In Pilot Program, Battery Park City to Add Security with Enforcement Powers

Allied Universal Ambassadors patrol along the west side of the Battery Park City ball fields. Photo: Carl Glassman/Tribeca Trib

Jan. 10, 2018

The Battery Park City Authority is preparing to beef up security in the neighborhood.

More than two years after its controversial move to replace the city’s Parks Enforcement Patrol (PEPs) with private security, the authority says it plans to add officers with “special patrol status” who can write summonses and make arrests. The additional officers, more highly trained and with enforcement powers not held by the current security, known as Ambassadors, would be hired on a trial basis, according to Nicholas Sbordone, the authority’s communications director. Allied Universal, the current security firm, would supply the new officers.

“The goal is to have a pilot program up and running for the summer,” Sbordone told the Trib. The NYPD still needs to sign off on the plan and the number to be hired is yet to be determined.

In a resolution passed last week, Community Board 1’s Battery Park City Committee called for the hiring of peace officers.
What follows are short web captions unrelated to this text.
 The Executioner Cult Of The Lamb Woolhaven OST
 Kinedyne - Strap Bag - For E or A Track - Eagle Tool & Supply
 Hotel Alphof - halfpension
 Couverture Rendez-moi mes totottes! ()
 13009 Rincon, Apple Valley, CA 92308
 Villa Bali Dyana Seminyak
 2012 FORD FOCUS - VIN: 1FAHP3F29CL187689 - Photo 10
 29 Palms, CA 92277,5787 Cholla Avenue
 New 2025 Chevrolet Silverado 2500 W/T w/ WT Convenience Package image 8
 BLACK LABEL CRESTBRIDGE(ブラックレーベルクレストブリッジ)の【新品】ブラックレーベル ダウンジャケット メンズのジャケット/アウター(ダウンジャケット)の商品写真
The neighborhood has one of the lowest crime rates in the city and is part of the large swath of Lower Manhattan that is covered by the 1st Precinct. But Tammy Meltzer, the committee’s chair and a vocal advocate for more enforcement, said the NYPD “can only do so much” with its limited manpower. And the Ambassadors, while “responsive in many ways,” Meltzer said, can’t enforce park rules. She cited Roosevelt Island, also under a state authority, as a precedent. Peace officers, privately hired by the state, patrol the island though they are not an adjunct to another force.

“We’ve been reported as one of the most affluent, loveliest places, which then attracts a certain level of crime, petty crime and vandalism and backpack thievery and other things that are not, thankfully, as painful as 911 emergencies, such as shootings and things like that,” Meltzer said at the committee’s Jan. 3 meeting. “But there is the level of quality of life that is different here than it is other places.”
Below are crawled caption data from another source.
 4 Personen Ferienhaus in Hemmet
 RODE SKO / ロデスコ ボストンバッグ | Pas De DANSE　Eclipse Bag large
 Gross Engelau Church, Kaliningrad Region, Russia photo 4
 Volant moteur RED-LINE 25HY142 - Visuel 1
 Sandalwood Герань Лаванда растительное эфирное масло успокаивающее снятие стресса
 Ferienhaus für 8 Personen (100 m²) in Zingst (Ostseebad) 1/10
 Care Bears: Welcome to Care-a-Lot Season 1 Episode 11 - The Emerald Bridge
“And don’t forget our population has really boomed,” added Maria Smith, a public member of the committee and longtime Battery Park City resident. “Since 9/11 we’ve got a heck of a lot of people on the promenade who don’t know the rules, bicyclists, tourists, more people living here and we’re experiencing real growing pains. And I think the 1st Precinct does a fine job but they’re stretched all over the place.”

The committee said they also want to see better enforcement of street parking rules that would help cut down on parking in bus stops and crosswalks. Like the PEPs, the peace officers will not be armed, according to the authority.
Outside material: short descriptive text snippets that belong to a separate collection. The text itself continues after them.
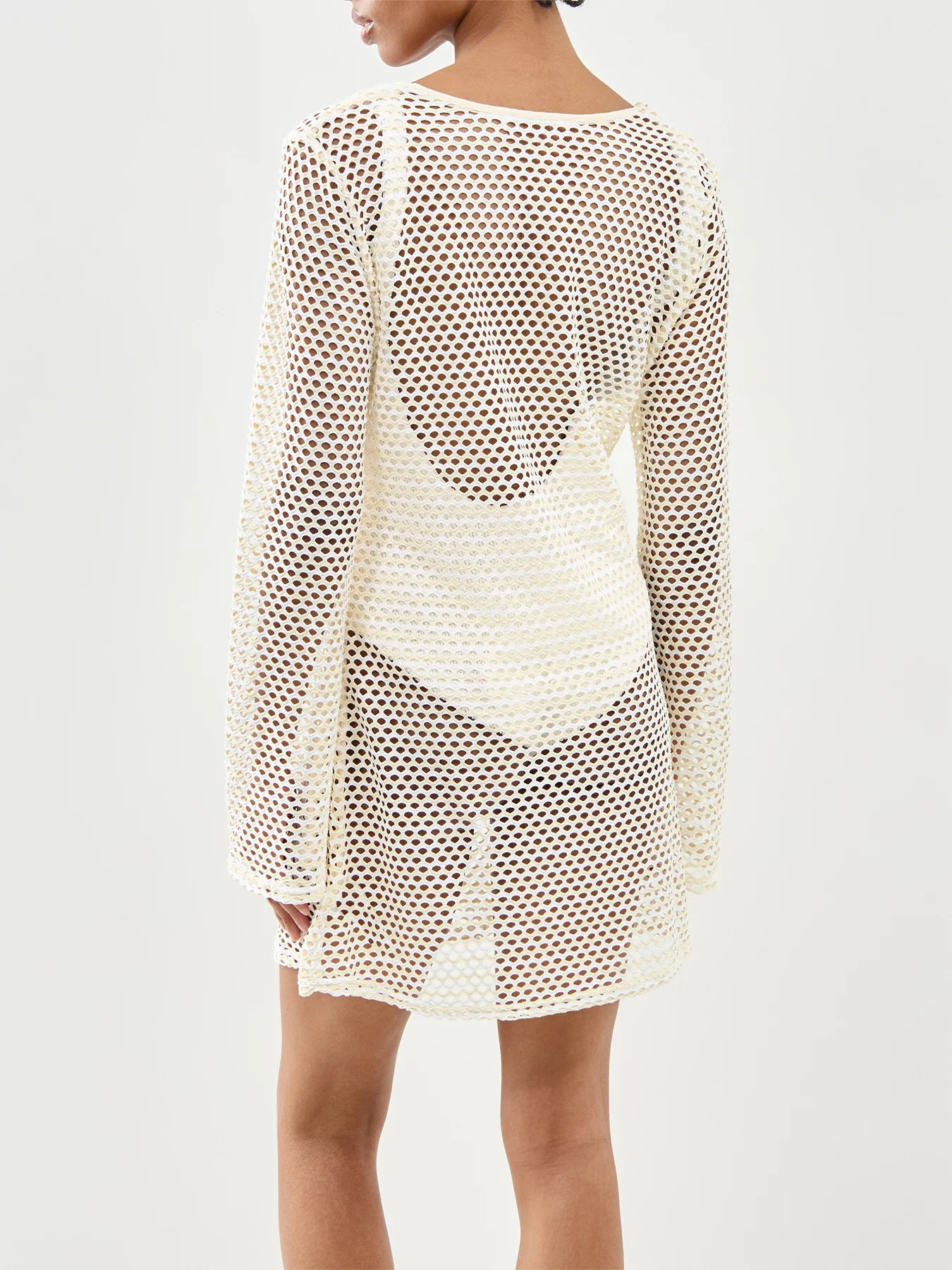 Mesh Effect Cover Up Cream - Image 5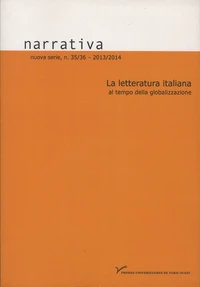 La letteratura italiana al tempo della globalizzazione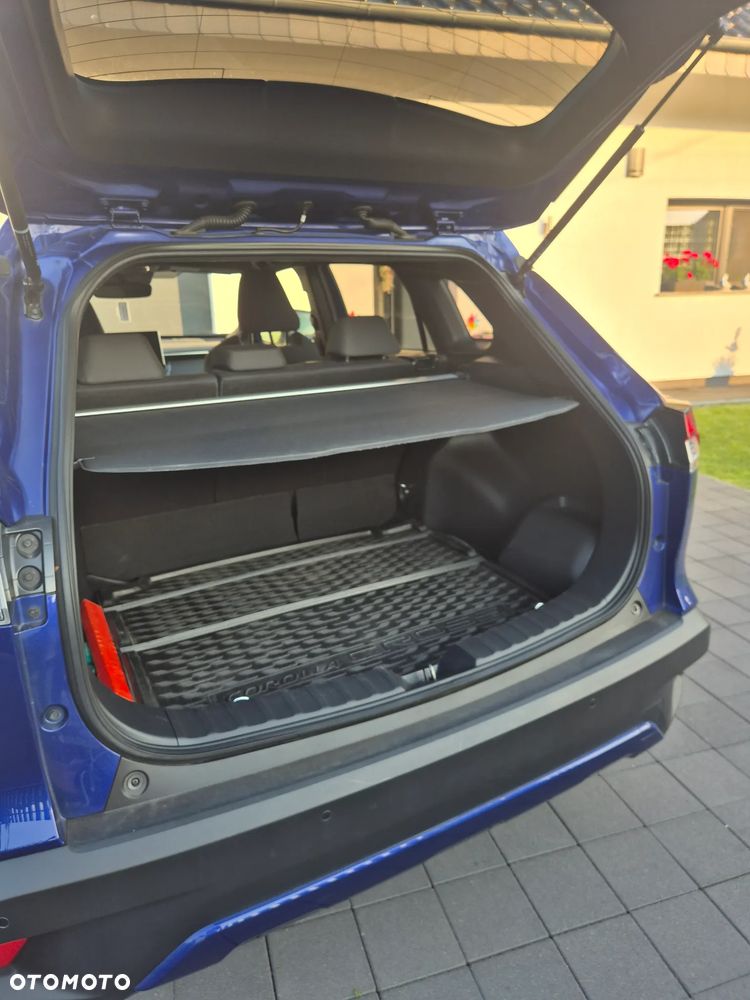Toyota Corolla Cross 2.0 Hybrid Comfort - 15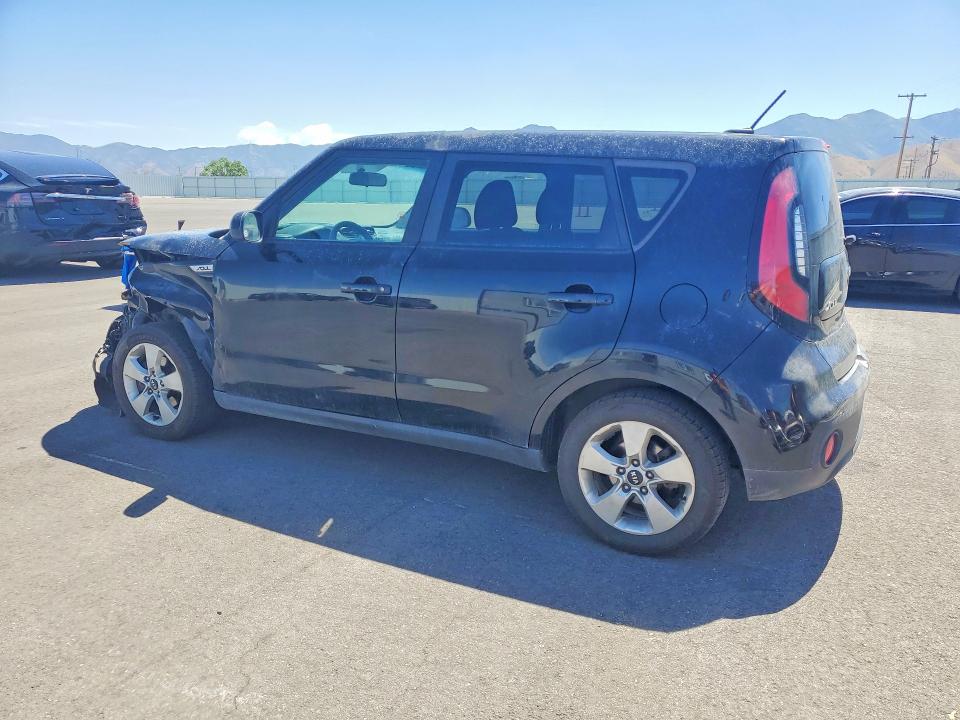 Продажа на аукционе авто 2018 Kia Soul, vin: KNDJN2A26J7548370, номер лота: 60518436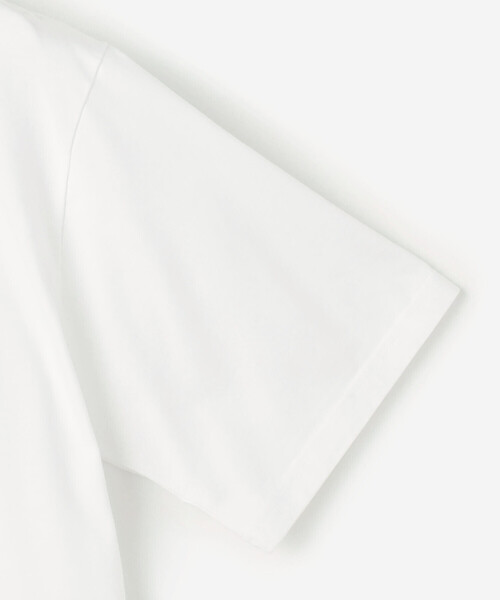 「Bshop」 「STAY HUNGRY」半袖Tシャツ L ホワイト メンズ_画像6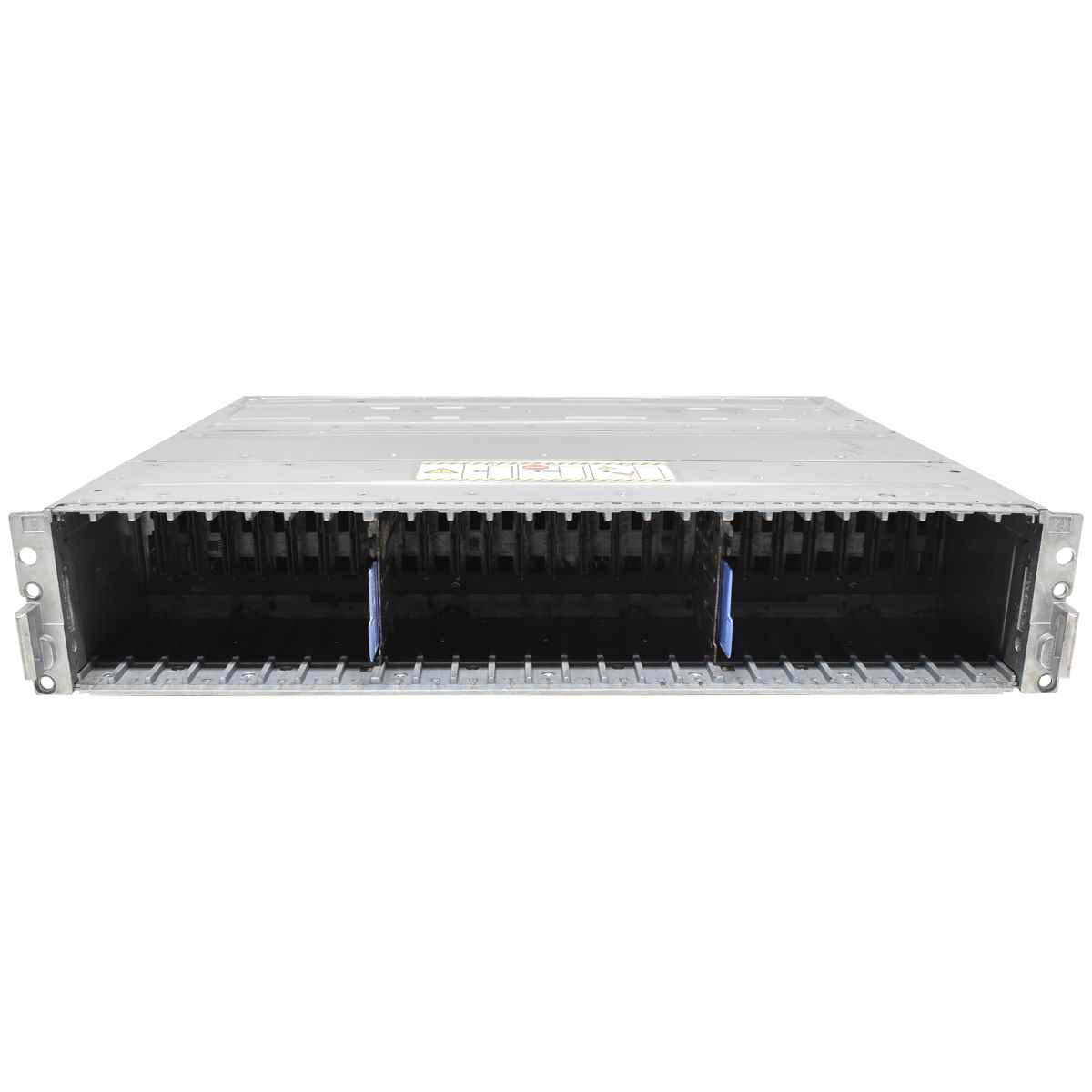 EMC VNXe 1600 Storage BPE25 25x SFF Zoll 2x 110-334-000B-00 Controller SAS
“Ill welcome anyone who wants to do enforcement here,” Dep. Inspector Mark Iocco, commanding officer of the 1st Precinct, told the Trib in an interview.

Iocco called the low-crime neighborhood “the least of my troubles in the 1st Precinct,” but said Battery Park City continues to get patrol coverage, no less so because the Ambassadors walk the area. “Our patrols increase when warranted.” Iocco cited the precincts successful actions last spring after hearing about teens who had been harrassing strangers. Still, he noted, any additional people, agencies, peace officers that can help us with eyes and ears, they’ll be more than welcome—so we’re not the only ones doing the enforcement.

The authority’s announced decision in October, 2015, to replace the PEPs sparked outrage among some Battery Park City residents, their anger heightened because the community had not been consulted. It was a move that followed long-standing complaints by some in the neighborhood that the PEPs often lacked a visible presence and authority officials said staffing was unpredictable. Since that rocky start, Allied Universal, the national security firm hired by the authority, has received mostly high marks by the community board. The Ambassadors have proved to be far more visible than the PEPs and their boss more accessible. Patrick Murphy, Allied Universal’s director of security for the neighborhood, gives incident updates at Battery Park City Committee meetings and attends monthly 1st Precinct Community Council meetings.

“But there are certain things that [the Ambassadors] cannot do no matter how much we would like them to,” Meltzer said. “They can’t arrest people, they can ask people to enforce the rules, but they don’t have a lot of teeth behind it.”